Sono stati davvero una bella fonte di sorpresa quest’estate i rosati marchigiani. Dapprima il
Marche rosato Serrarosa 2011 a base della misteriosa uva
Vernaccia Nera di cui ho scritto qui
in questo articolo qualche tempo fa, poi altri vini, a base di uve sorprendenti (presto vi racconterò dell’eleganza sapida e nervosa di un rosato denominato
Rosa a base di un’altra cultivar poco nota come la
Lacrima di Morro d’Alba, prodotto ad Ostra da Conti di Buscareto) mi hanno mostrato come esista una sorta di via marchigiana al rosato. Tracciata anche da un classico, prodotto a partire dal 1987, come il
Rosa di Montacuto a base Montepulciano, Sangiovese, Alicante nero di Moroder. Il rosato di quella splendida regione, sicuramente segnata da un vino di grande personalità e notorietà come il Verdicchio dei Castelli di Jesi, che oggi voglio consigliarvi l’avevo già segnalato, en passant, nell’articolo della scorsa settimana dedicato al
Montepulciano Cerasuolo di Cataldi Madonna.
Si tratta del
Marche rosato Fiori, annata 2012, prodotto dalla
Fattoria Villa Ligi di Pergola, proprietà della famiglia Tonelli, la cui tradizione vitivinicola risale almeno a tre generazioni addietro, quando nel 1912, Antonio Tonelli “iniziò a vinificare da filari di viti che aveva impiantato in località Valrea, in mezzo ai campi di grano e granturco, come usava allora. Tradizione che fu poi seguita e ampliata da Cesare, padre di Francesco e da suo fratello Marino, che divennero, oltre che dei buoni produttori, anche ottimi commercianti di vino”. E tradizione che vede oggi l’impegno di Francesco, come vignaiolo e del figlio Stefano come enologo, coadiuvati, quale responsabile di produzione dal modenese Marco Gozzi, di cui
ho apprezzato su Lemillebolleblog un proprio personale metodo classico millesimato.
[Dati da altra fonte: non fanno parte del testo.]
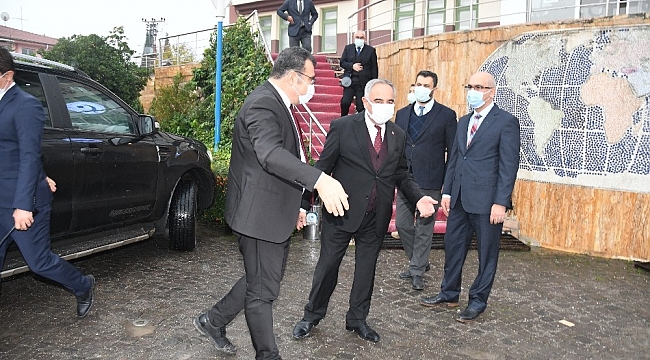 TÜBİTAK Başkanı Prof. Dr. Hasan Mandal ADYÜ'deki bilimsel çalışmaları inceledi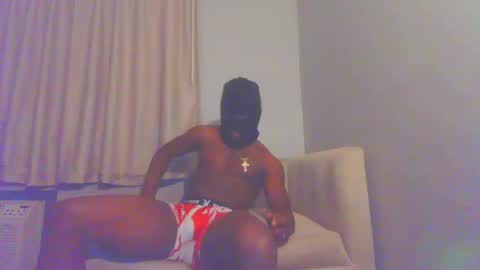 Snapshot of goldmouthporkie813 chatting on December 23, 11:47 am FINEASSGOLDMOUTH online show from December 23, 11:47 am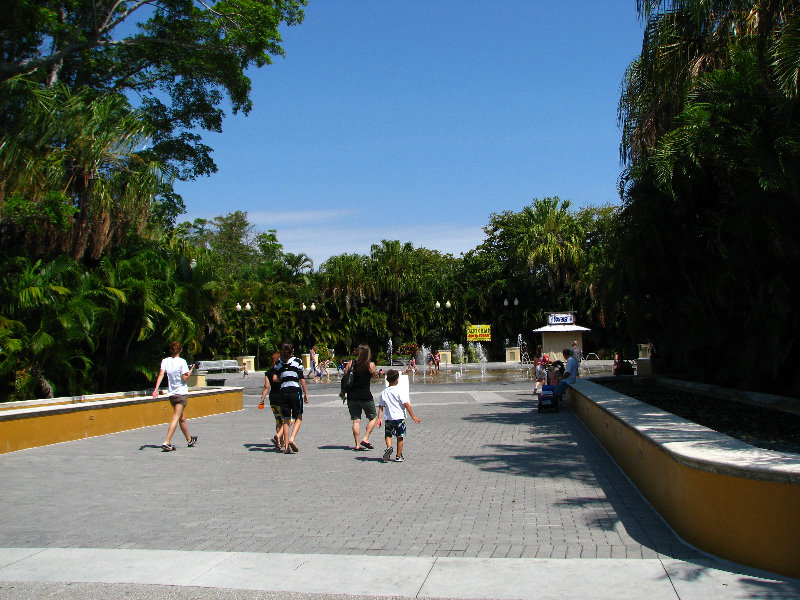 Palm-Beach-Zoo-At-Dreher-Park-001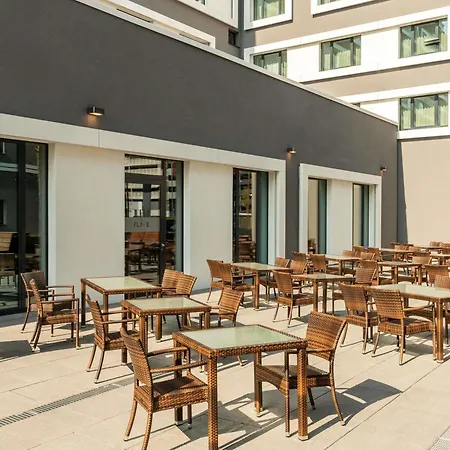 Novotel Airport 호텔 4*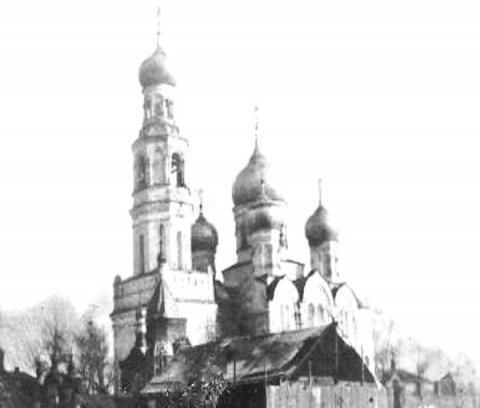 Церковь Троицы Живоначальной, Поповка (Майнский район, Ульяновская область). архивная фотография, Фото сер. 20 в., источник: veshkaima.prihod.ru/khramy_blagochinija/view/id/1185318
A Villa Ligi producono svariati vini, io ho provato e trovato decisamente ben fatto anche il Marche bianco, a base Verdicchio, denominato
Ricordi, ma il loro peculiare impegno è consistito tutelare e mantenere in vita vitigni quali la “Vernaccia di Pergola” oggi riconosciuta come clone di Aleatico, un clone di aleatico presente nel territorio dal lontano 1234, anno di fondazione della città di Pergola da parte degli eugubini. Francesco Tonelli negli anni scorsi ha ricercato un po’ ovunque rare e vecchie viti di Vernaccia Rossa, raccogliendone i tralci che via via trovava e catalogandoli e curandone la riproduzione da vivaisti. Uno di questi rari e vecchi vitigni fu trovato nel chiostro della Chiesa di San Francesco in Pergola, altri in località Pantana e in una vecchia vigna denominata Orfei, in località Grifoleto, che apparteneva ad un signore, Giovanni Orfei, scomparso nel 1998, il quale, notando l'innegabile amore per la viticoltura di Francesco, gliela affidò con una scrittura privata. E’ stato decisamente arduo riuscire a ricostruire una visibilità e una credibilità su un vitigno che stava scomparendo, tanto più che operava all’interno di una piccolissima DOC, quale Pergola, che comprende a malapena 45 ha di vigneti, e 3 produttori iscritti all’albo della stessa, ma oggi il Pergola rosso da Vernaccia di Pergola è una realtà e si traduce, nel caso di Villa Ligi, nei Pergola rosso
Vernaculum e
Grifoglietto, di cui conto di occuparmi tra qualche tempo.
E c’è poi questo rosato, il Fiori, espressione della stessa uva, Vernaccia Rossa di Pergola – clone Aleatico 100%, che ho trovato decisamente intrigante e ben fatto. Le uve vengono da due diverse zone, dalla frazione Montalfoglio San Lorenzo in Campo, tenuta S.Cristoforo, circa 400 metri di altezza, terreno a medio impasto tendenzialmente argilloso, vigneto di 35 anni d’età e dalla frazione Montevecchio, 485 metri di altezza, terreno argilloso calcareo, vigna di vent’anni d’età, entrambe con densità di 2500-2800 piante ettaro. La resa è bassa, 60 quintali di uva per ettaro, la vendemmia avviene nella seconda decade di Settembre, e la vinificazione prevede diraspapigiatura delle uve, criomacerazione per 14 ore a 6 °C e separazione del mosto fiore tramite pressatura soffice a membrana; illimpidimento statico del mosto e fermentazione a temperatura controllata a 16 gradi per 15 - 20 giorni in acciaio inox e successivo affinamento per 4 mesi su fecce di lievito.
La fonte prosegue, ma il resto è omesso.